Well, the $resource service gives you access to the response headers on the
$save call. Personally, I use $http instead of $resource, but you end up
with the same sort of thing in the long run (your headers will be in the
second parameter of the success callback). Within the header, just regex it
and set your $id.

It's altogether possible you can configure your backend to do this
automagically anyway. If I remember correctly, if your POST route returns
the created object (including the appropriate ID field), that data gets
shoved into the instance you're working with anyway. It is, incidentally,
that kind of behavior that encouraged me to just work with $http: i didn't
really need fancy-pants stuff like that, and I wasn't fond of the "magic"
that was happening behind the scenes. Of course, now that I have a better
handle on said magic, I might use ngResource in the future.

You may also want to check out restangular and angular-restmod, two other
all-in-wonder type REST resource modules.
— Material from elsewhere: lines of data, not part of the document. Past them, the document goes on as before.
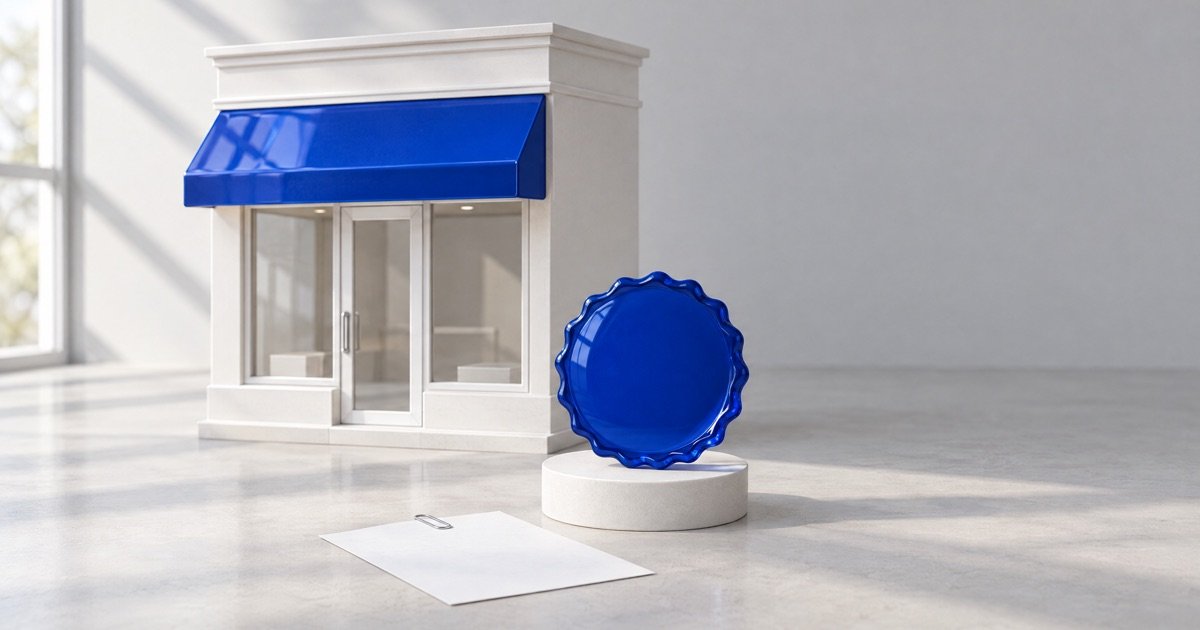 Maquete de loja branca com toldo azul, um selo azul em pedestal ao lado e, no chão, uma folha com clipe representando o protocolo do pedido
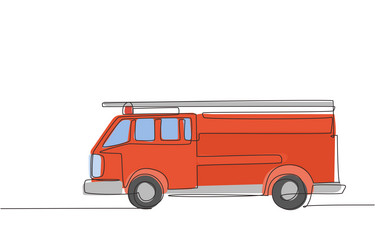 Continuous one line drawing fire engine icon logo Vector Image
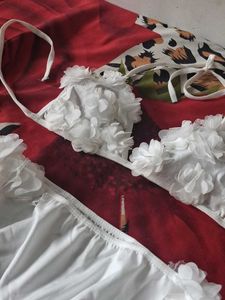 White Floral Bikini Set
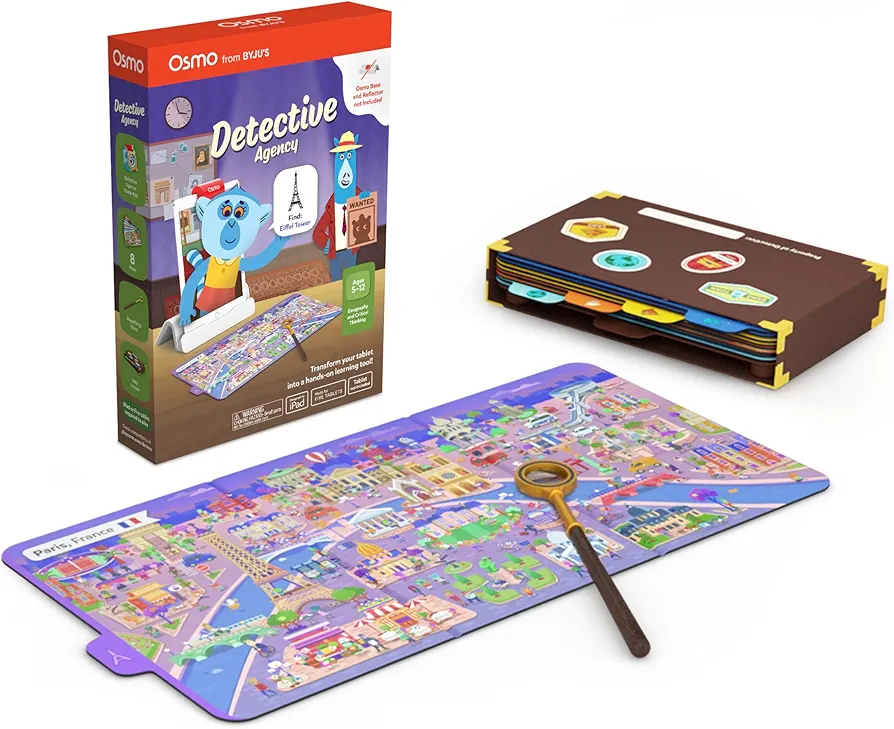 Osmo - Detective Agency - Ages 5-12 - Solve Global Mysteries - Educational Learning Games - STEM Toy - Gifts for Kids - Ages 5 6 7 8 9 10 11 12-For iPad, iPhone or Fire Tablet (Osmo Base Required)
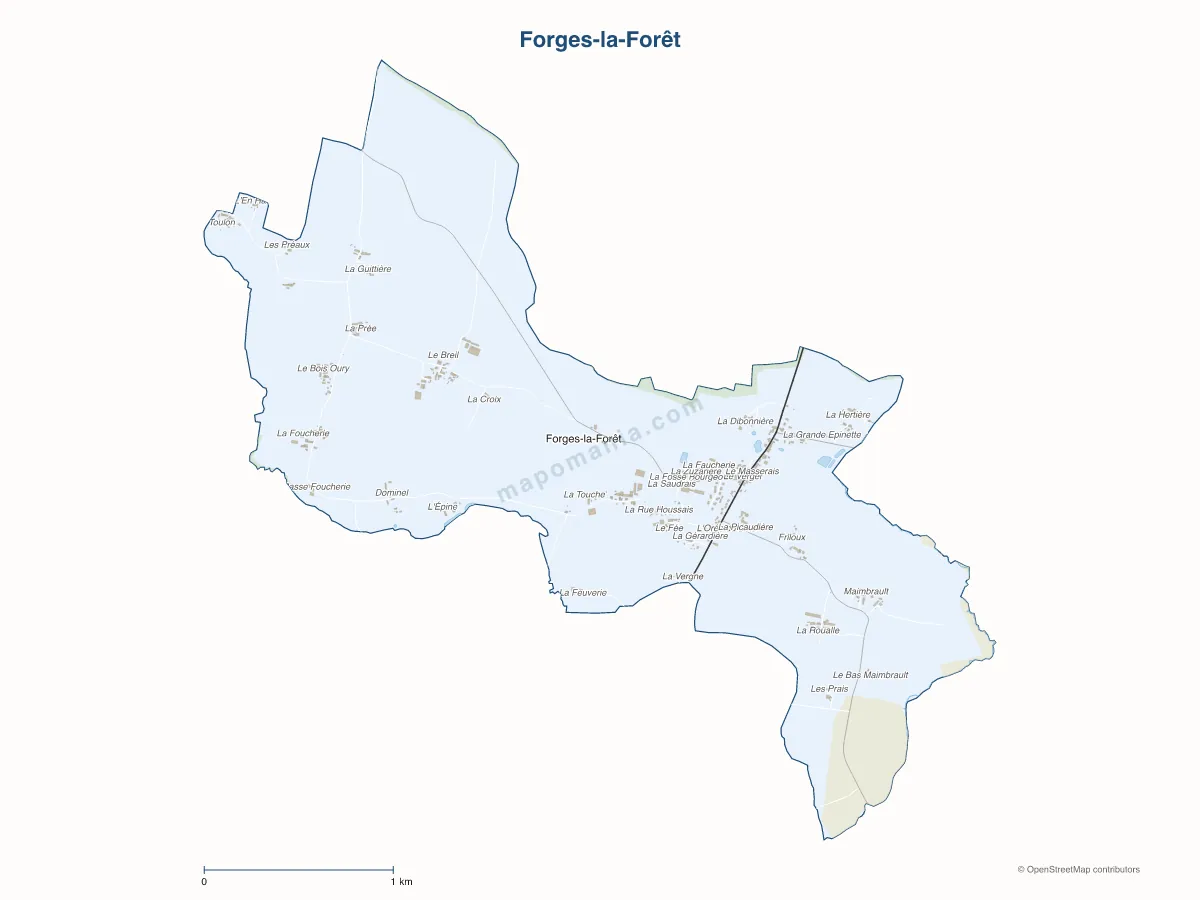 Carte de Forges-la-Forêt à personnaliser
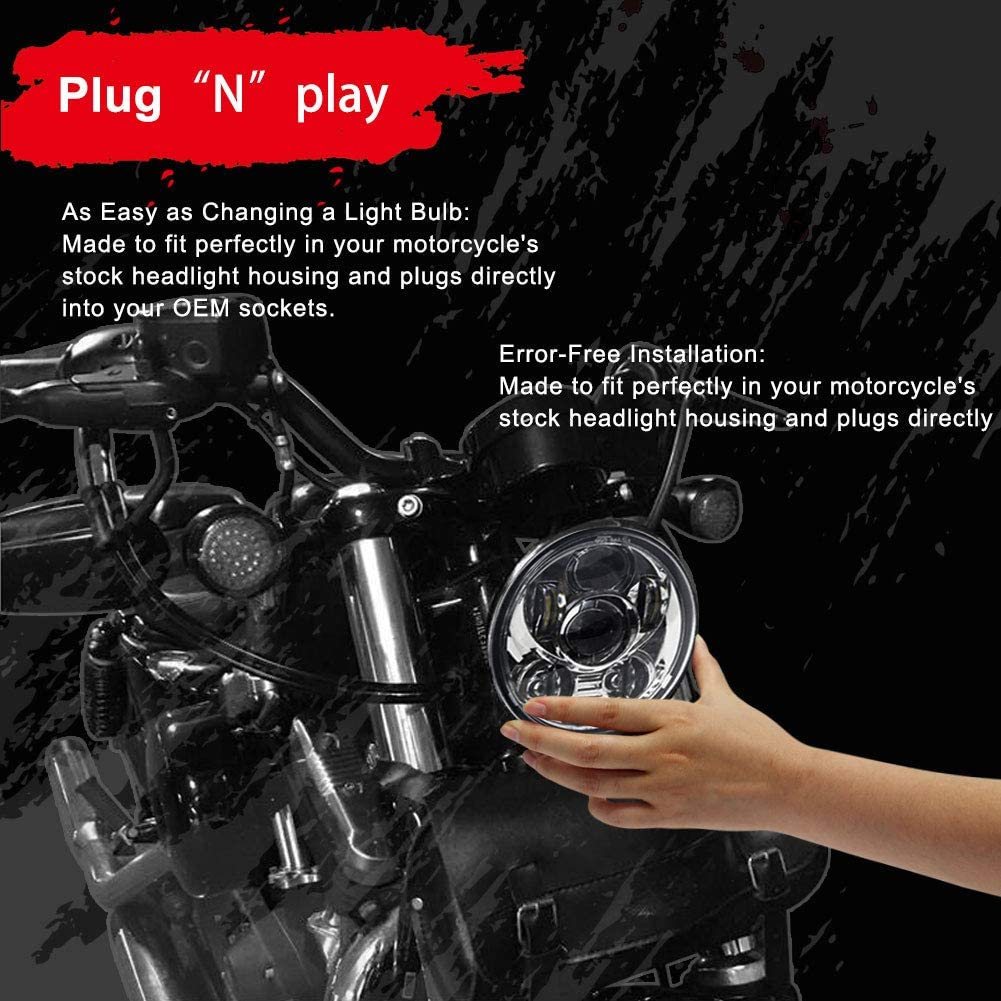 Wisamic 5-3/4" 5.75" LED Projection Headlight for Harley-Davidson 883, Sportster, Triple, Low Rider, Wide Glide Motorcycles (Silver) image number 4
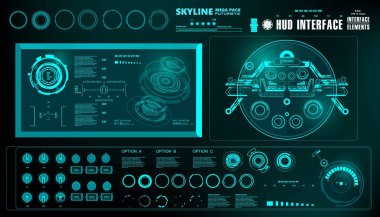 Gelecekçi yeşil sanal grafik dokunmatik kullanıcı arayüzü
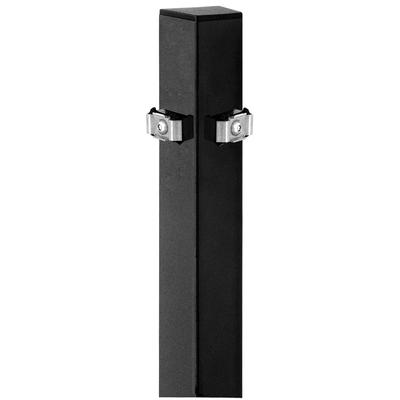 Eckpfosten ALBERTS "Doppelstabmattenzaun", grau (anthrazit), H:175cm T:6cm, Stahl, Zaunpfosten, inkl. Klemmlasche, anthrazit, Höhe: 120 - 200 cm
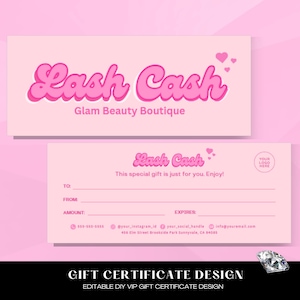 DIY Gift Certificate, Lash Cash, Canva Template, Gift Voucher Pink, Gift Card, Beauty, Hair, Lashes, Salon, Nails, Makeup, Spa, Boutique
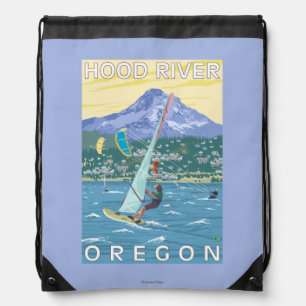 Hood River, ORWind Surfers & Kite Boarders Drawstring Bag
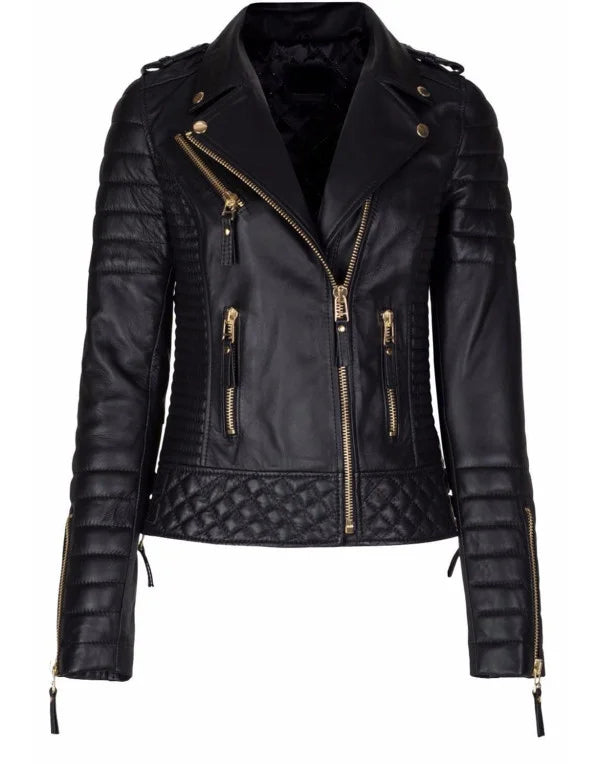 HugMe.Fashion Ladies Biker Leather Jacket In Black With Multiple Pocket LJK49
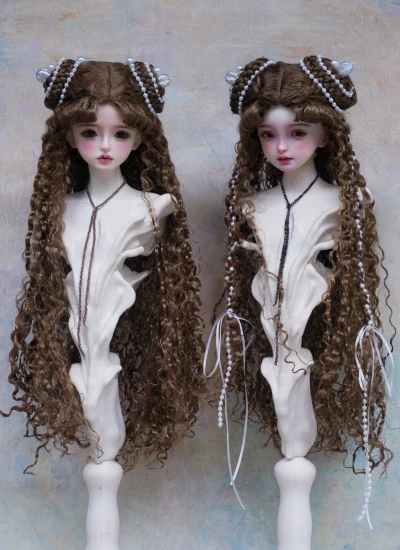 NO.5 BJD Brown Synthetic Mohair Long Curly Wig for 1/3 Ball-jointed Doll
Restmod in particular looks
pretty promising IMO.

e


On Thu, Aug 14, 2014 at 2:20 PM, Santiago Basulto <
[email protected]> wrote:

> Hello everyone. I'm using ngResource to build a RESTful app. I've been
> reading a lot and couldn't find the answer to my question. Sorry if it's
> too n00b :)
>
> I'll try to keep this generic so it might be useful to other people.
>
> Suppose you've got a Car resource. The uri is `/api/v1/car/:id/`
>
> To create a resource you POST your (json) data to `/car/` and (if
> successful) returns a 201 CREATED response along with some headers. Among
> those headers there's Location, which has something like this:
> `/api/v1/car/32/`. That way you know that the resource you just created got
> the ID 32. How do you get that "32" (the ID) using ngResource? Please note 
> *you
> don't specify the ID when you're posting*. The server will tell you which
> id it assigned to your resource when it's created (and it'll be returned in
> the Location header).
>
> Here's roughly some code related to my question:
> http://jsfiddle.net/1k36q5qz/
>
> Thank you very much for your help.